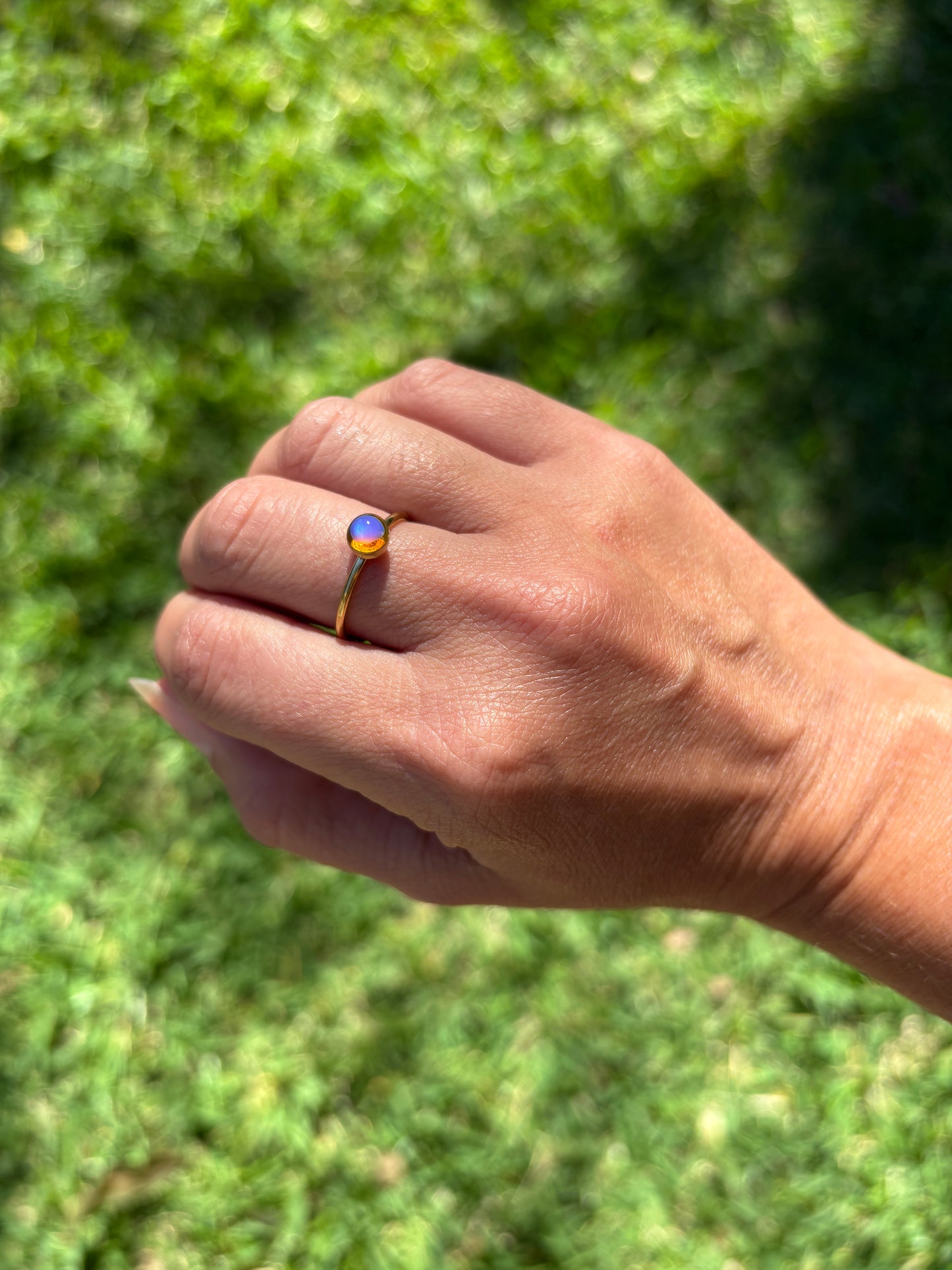 Mood Sea Glass™ Ring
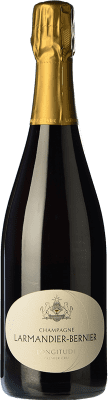 89,95 € Бесплатная доставка | Белое игристое Larmandier Bernier Longitude Blanc de Blancs A.O.C. Champagne шампанское Франция Chardonnay бутылка 75 cl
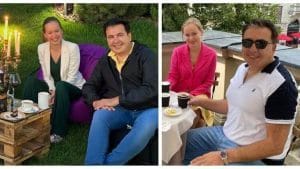 У Саакашвілі завелася коханка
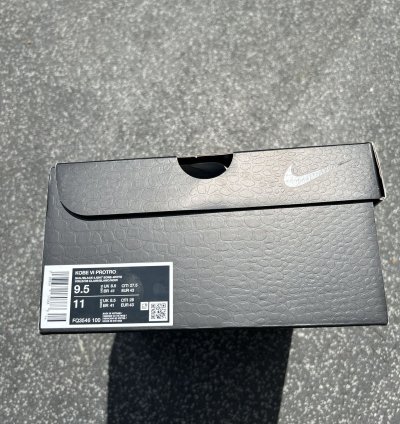 Nike Kobe 6 Protro All-star 2 0 - Size 9 5 New With Box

> **Your objective**: Every line above goes into your copy exactly; no images go in.

> **Exercise result**:
 Mood Sea Glass™ Ring
 89,95 € Бесплатная доставка | Белое игристое Larmandier Bernier Longitude Blanc de Blancs A.O.C. Champagne шампанское Франция Chardonnay бутылка 75 cl
 У Саакашвілі завелася коханка
 Nike Kobe 6 Protro All-star 2 0 - Size 9 5 New With Box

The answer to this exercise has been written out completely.